Step 3: Update Report File After Each Dimension

def update_report_section(filename, section_name, data, sources):
    """Update a specific section in the report file"""
    
    # Read current file
    with open(filename, 'r') as f:
        content = f.read()
    
    # Format section content with citations
    if section_name == 'Identity':
        section_content = format_identity_section(data, sources)
    elif section_name == 'Clinical':
        section_content = format_clinical_section(data, sources)
    # ... etc
    
    # Replace placeholder with actual content
    placeholder = f"## {section_number}. {section_name}\n*Researching...*"
    content = content.replace(placeholder, section_content)
    
    # Write back
    with open(filename, 'w') as f:
        f.write(content)


def format_identity_section(data, sources):
    """Format Identity section with proper citations"""
    
    source_list = ', '.join([s['tool'] for s in sources])
    
    return f"""## 1. Disease Identity & Classification

### Ontology Identifiers
| System | ID | Source |
|--------|-----|--------|
| EFO | {data['efo_id']} | OSL_get_efo_id_by_disease_name |
| ICD-10 | {data['icd_codes']} | icd_search_codes |
| UMLS CUI | {data['umls']} | umls_search_concepts |

### Synonyms & Alternative Names
{format_list_with_source(data['synonyms'], 'ols_get_efo_term')}

### Disease Subtypes
{format_list_with_source(data['subtypes'], 'ols_get_efo_term_children')}

**Sources**: {source_list}
"""

Complete Tool Usage by Section

Section 1: Identity (use ALL of these)

# Required tools - use all
tu.tools.OSL_get_efo_id_by_disease_name(disease=disease_name)
tu.tools.OpenTargets_get_disease_id_description_by_name(diseaseName=disease_name)
tu.tools.ols_search_efo_terms(query=disease_name)
tu.tools.ols_get_efo_term(obo_id=efo_id)
tu.tools.ols_get_efo_term_children(obo_id=efo_id, size=30)
tu.tools.umls_search_concepts(query=disease_name)
tu.tools.umls_get_concept_details(cui=cui)
tu.tools.icd_search_codes(query=disease_name, version="ICD10CM")
tu.tools.snomed_search_concepts(query=disease_name)

Section 2: Clinical Presentation (use ALL of these)

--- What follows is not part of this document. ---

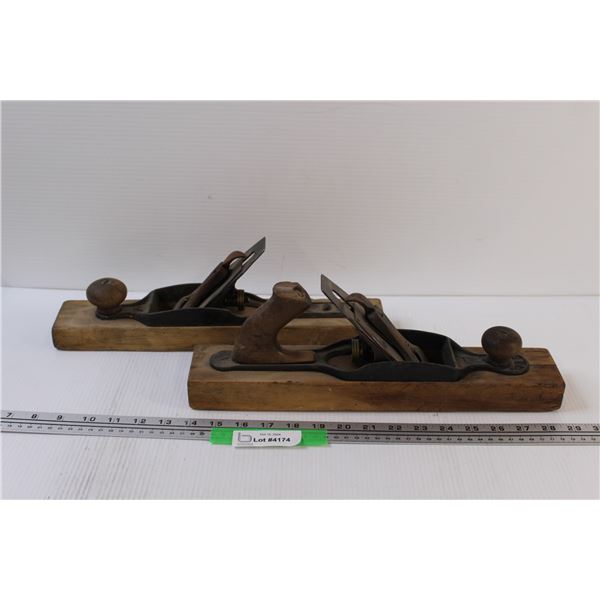 (2) Antique Wood Planes - 15" Long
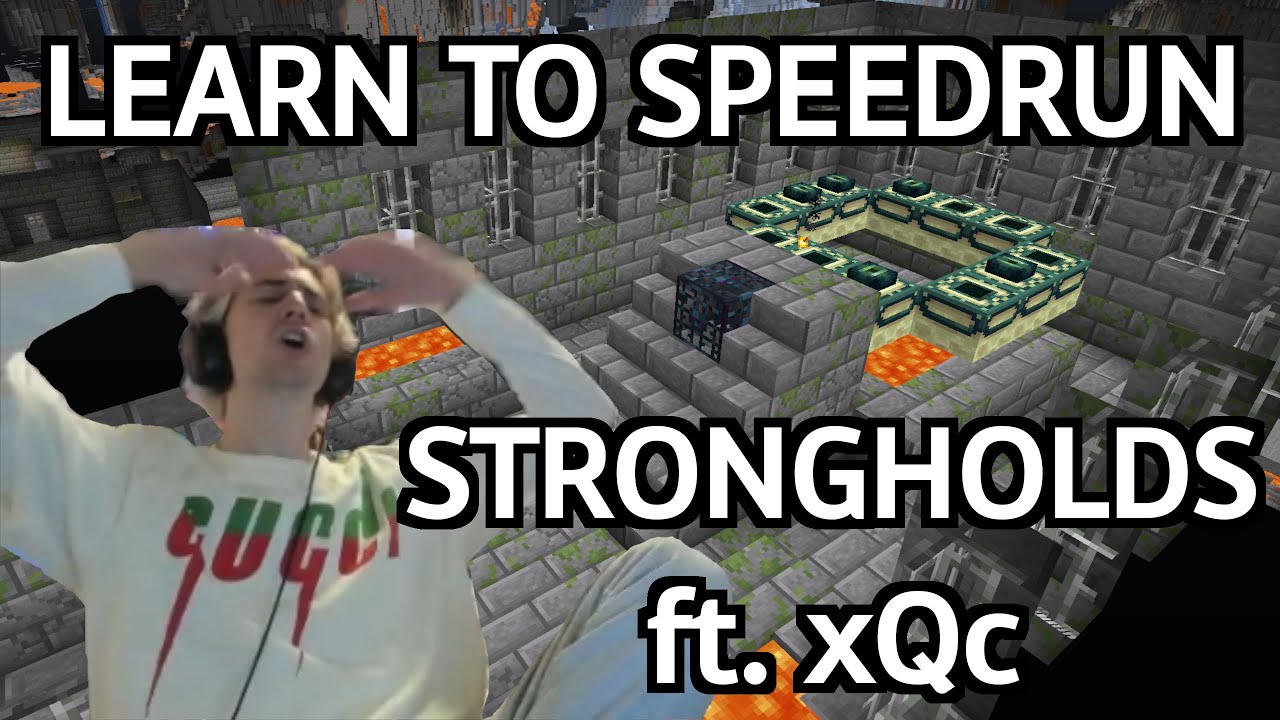 How to Speedrun Minecraft Strongholds ft. xQc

tu.tools.OpenTargets_get_associated_phenotypes_by_disease_efoId(efoId=efo_id)
tu.tools.get_HPO_ID_by_phenotype(query=symptom)  # for each key symptom
tu.tools.get_phenotype_by_HPO_ID(id=hpo_id)  # for top phenotypes
tu.tools.MedlinePlus_search_topics_by_keyword(term=disease_name, db="healthTopics")
tu.tools.MedlinePlus_get_genetics_condition_by_name(condition=disease_slug)
tu.tools.MedlinePlus_connect_lookup_by_code(cs=icd_oid, c=icd_code)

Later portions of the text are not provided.